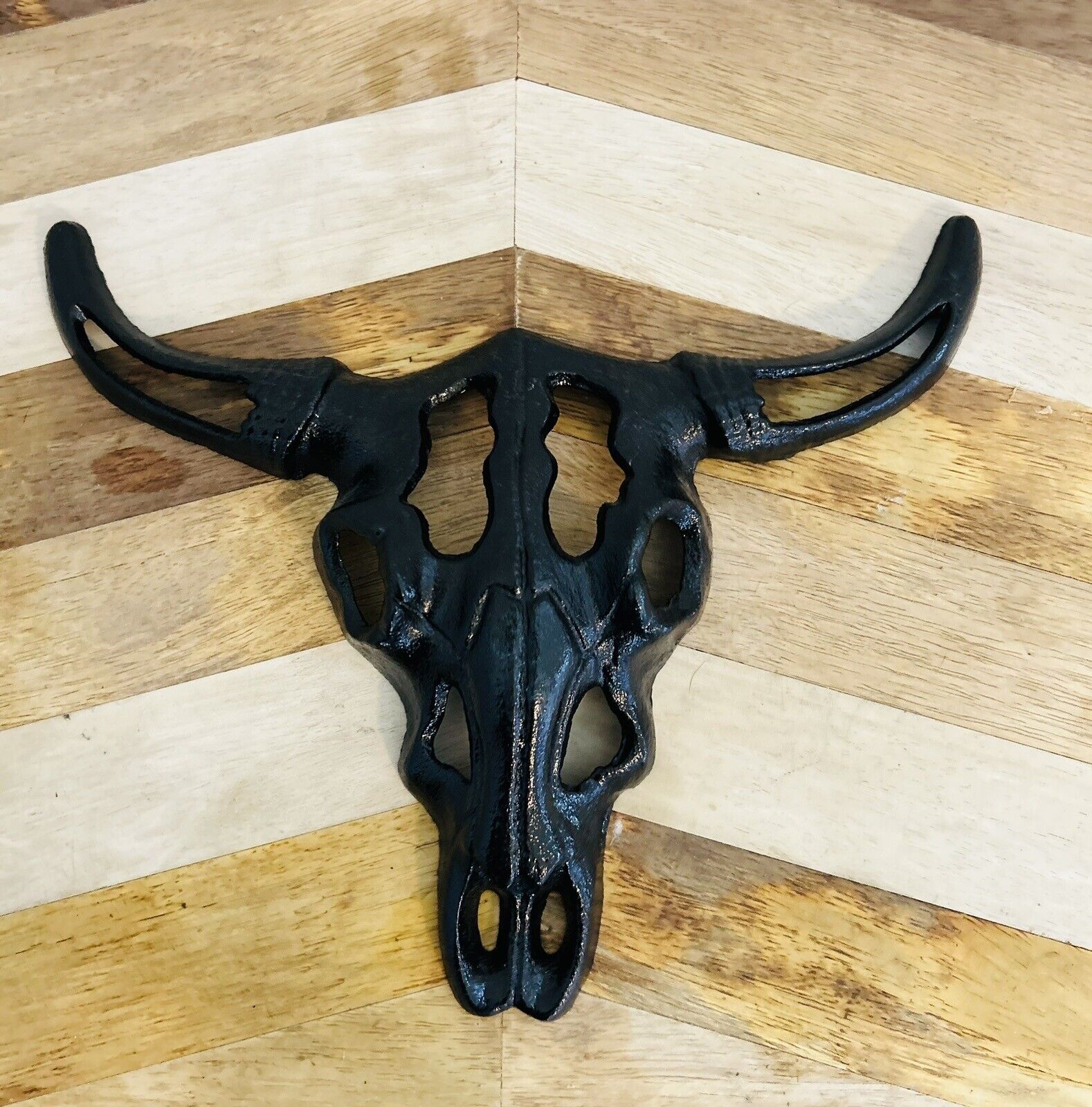 Cow Skull Wall Decor, Rustic Brown Cast Iron, 11 1/8 inch wide - H-130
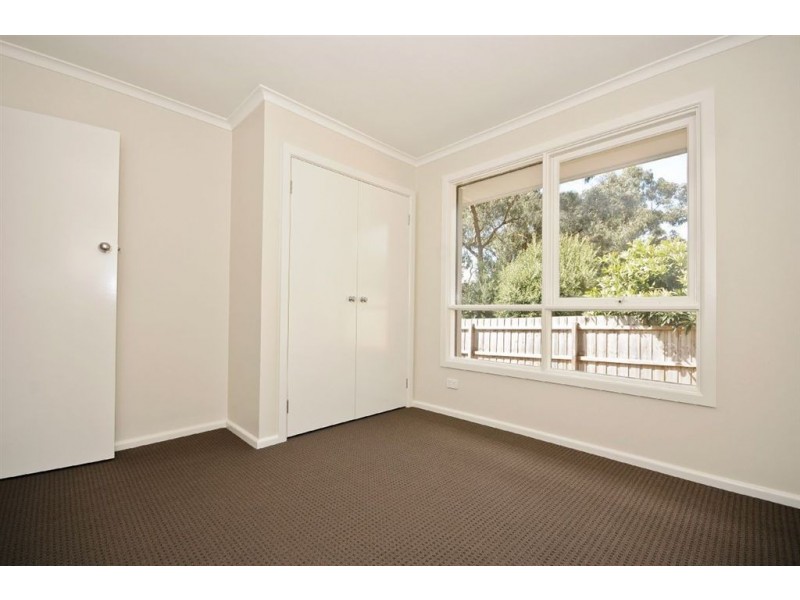 1/70 Belmont Road West, Croydon South VIC 3136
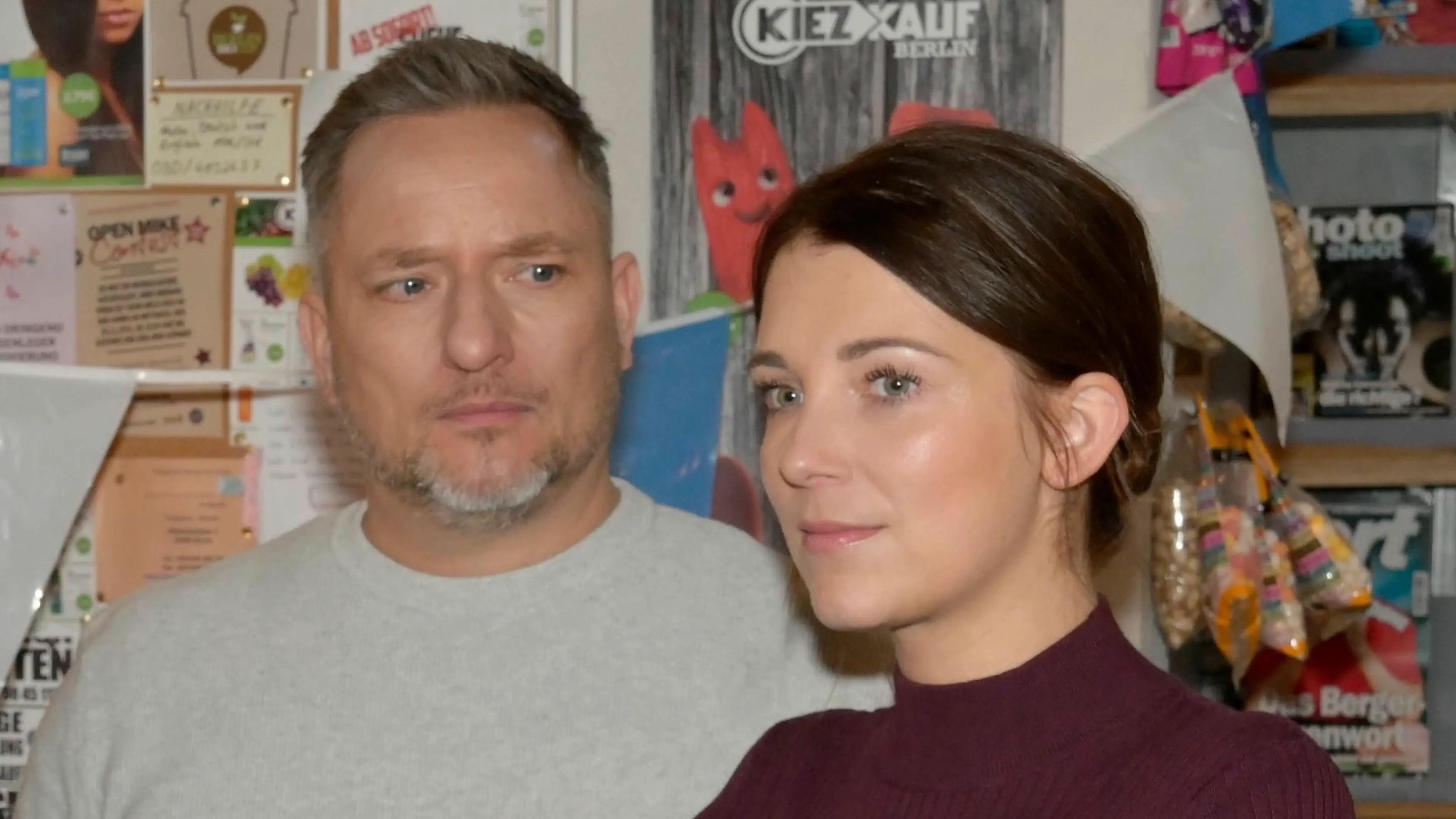 Michi (Lars Pape) und Lilly (Iris Mareike Steen) wollen ihr Geheimnis für sich behalten.
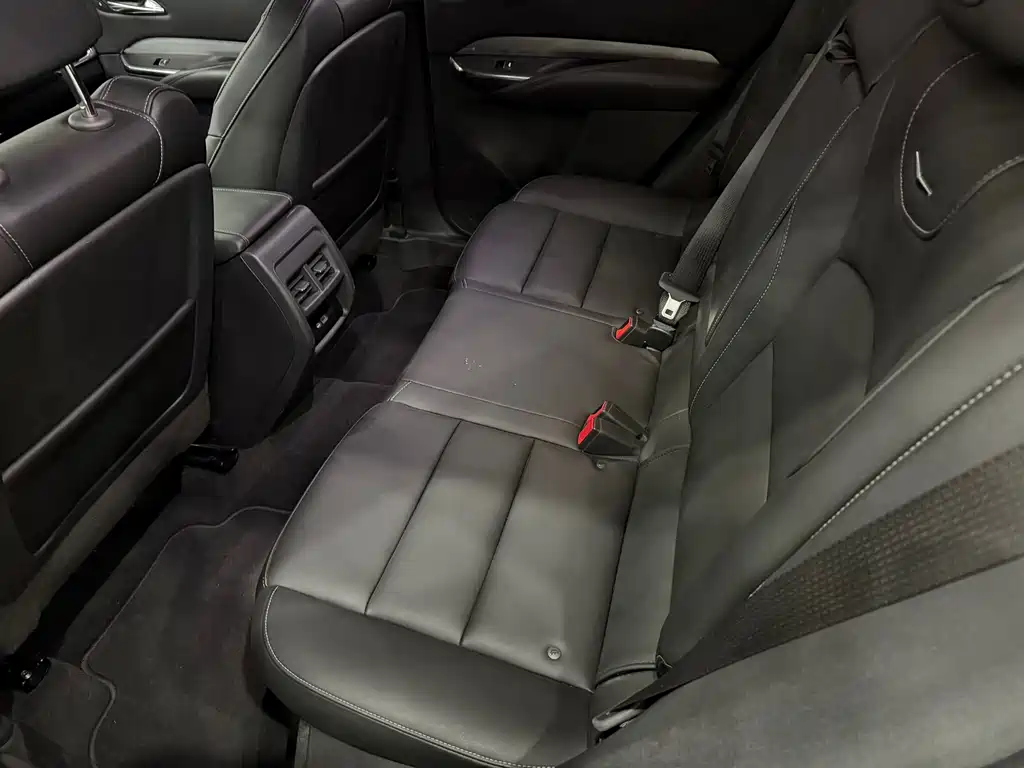 Cadillac XT4 — фото 14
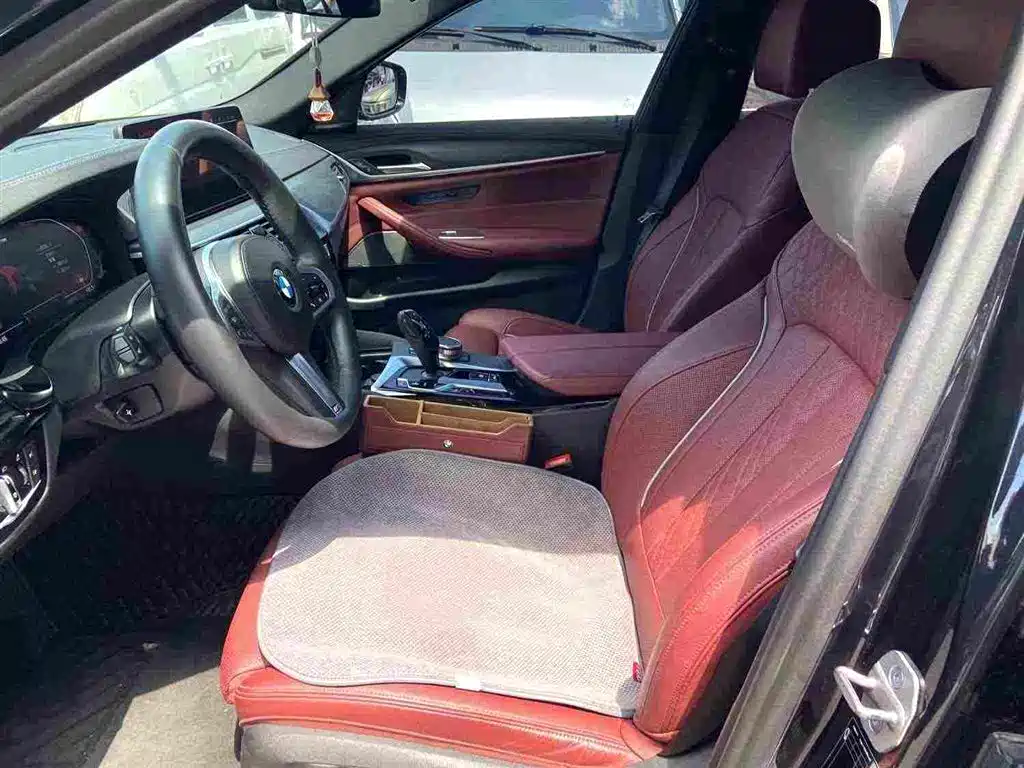 BMW 5 Series 2022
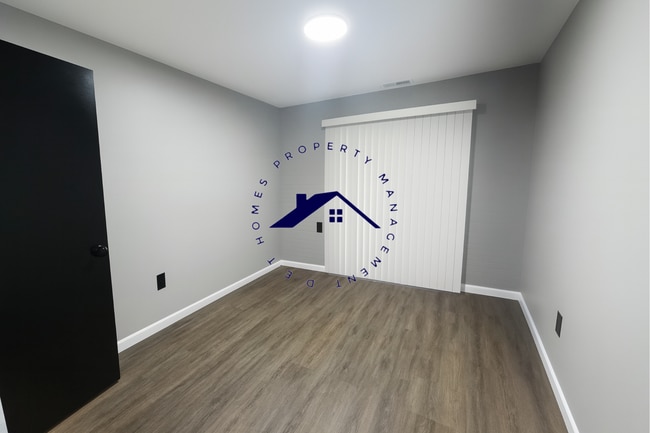Building Photo - 6765 Heyden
------------------------------------------------------------
## Exercise brief
Wherever a picture appears in the records, omit it, and transcribe everything else exactly.

## Written response
 Cow Skull Wall Decor, Rustic Brown Cast Iron, 11 1/8 inch wide - H-130
 1/70 Belmont Road West, Croydon South VIC 3136
 Michi (Lars Pape) und Lilly (Iris Mareike Steen) wollen ihr Geheimnis für sich behalten.
 Cadillac XT4 — фото 14
 BMW 5 Series 2022
Building Photo - 6765 Heyden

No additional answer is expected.